_Work to complete_
Look through the entries below for the line with "Leather money wallet, coins" and the line with "Writer Dave Thomas", then give again exactly those two lines and all lines between them, minus the pictures.

_Given data_
━━━━━━━━━━
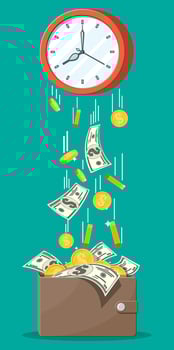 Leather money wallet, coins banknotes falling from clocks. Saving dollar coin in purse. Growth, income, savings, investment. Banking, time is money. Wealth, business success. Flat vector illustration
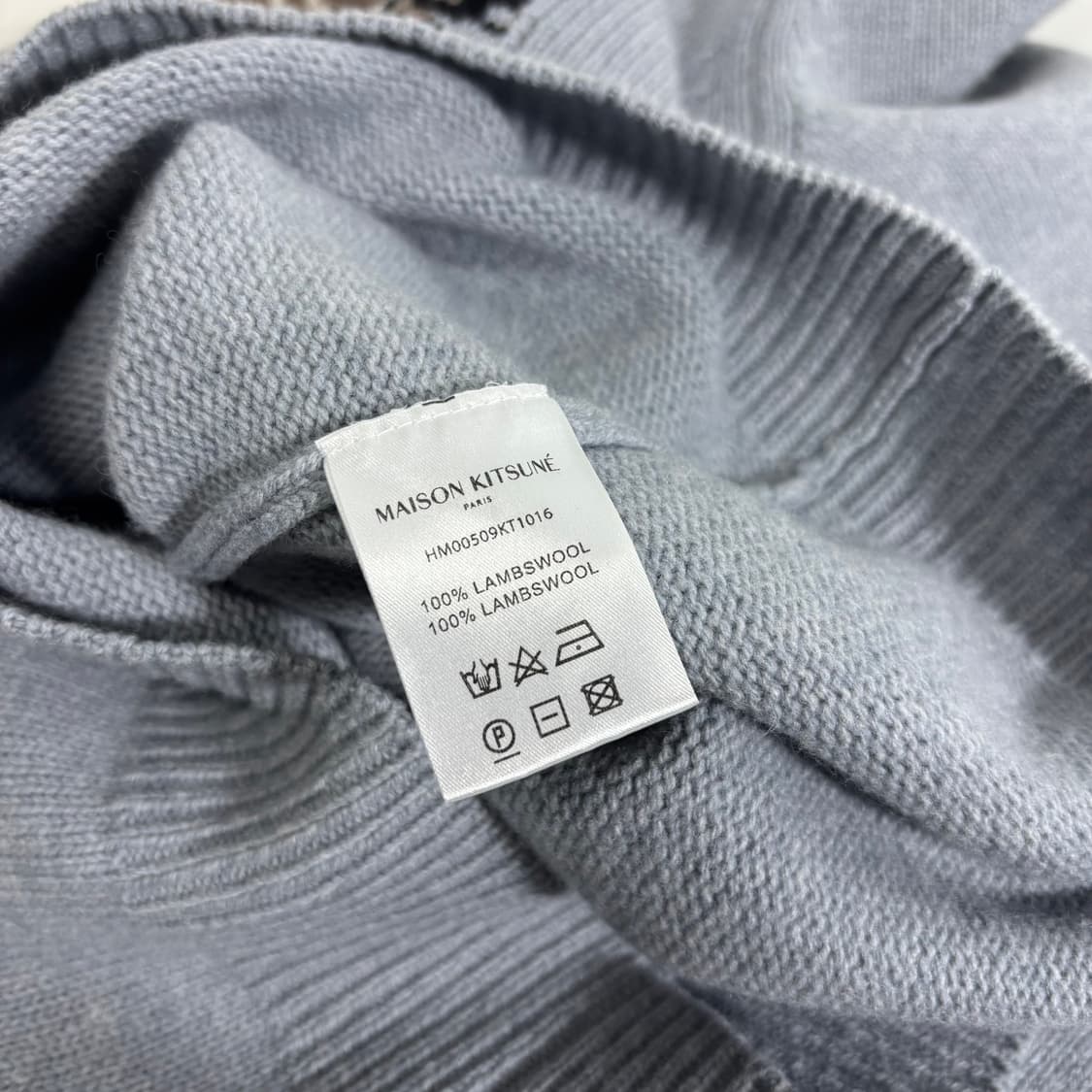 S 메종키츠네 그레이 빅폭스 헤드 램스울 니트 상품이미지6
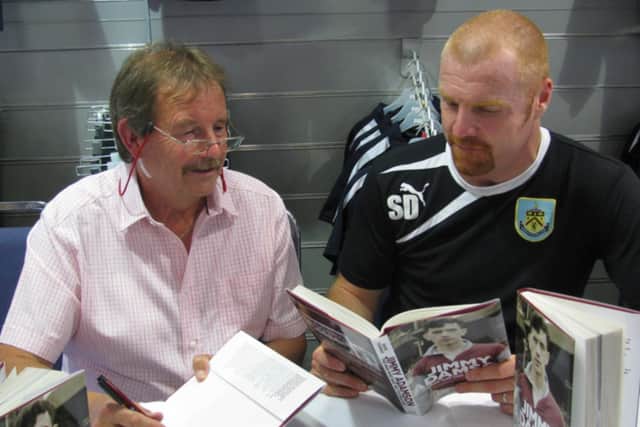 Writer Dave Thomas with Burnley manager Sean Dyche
━━━━━━━━━━
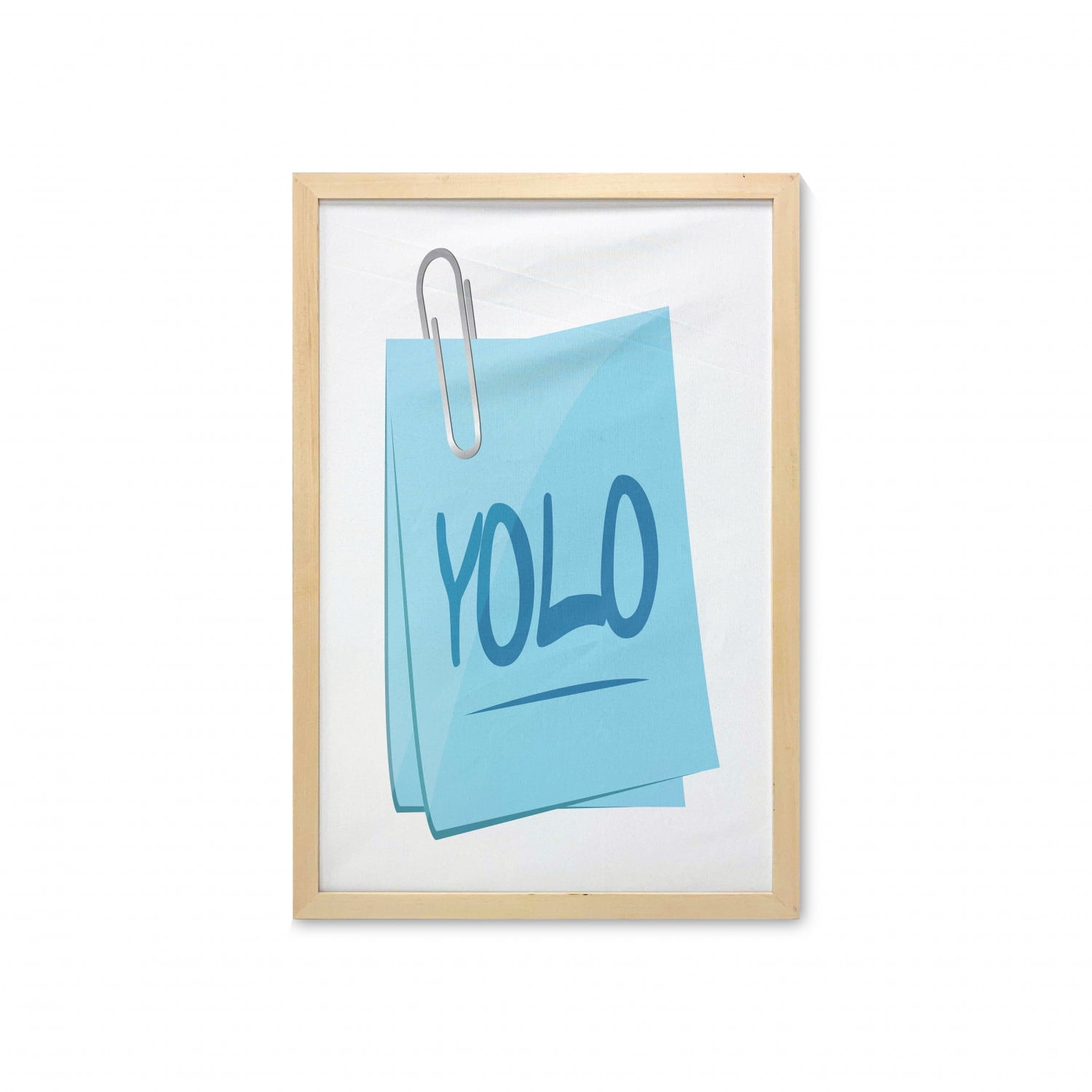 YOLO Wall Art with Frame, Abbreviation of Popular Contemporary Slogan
━━━━━━━━━━
_Task result_
 Leather money wallet, coins banknotes falling from clocks. Saving dollar coin in purse. Growth, income, savings, investment. Banking, time is money. Wealth, business success. Flat vector illustration
 S 메종키츠네 그레이 빅폭스 헤드 램스울 니트 상품이미지6
 Writer Dave Thomas with Burnley manager Sean Dyche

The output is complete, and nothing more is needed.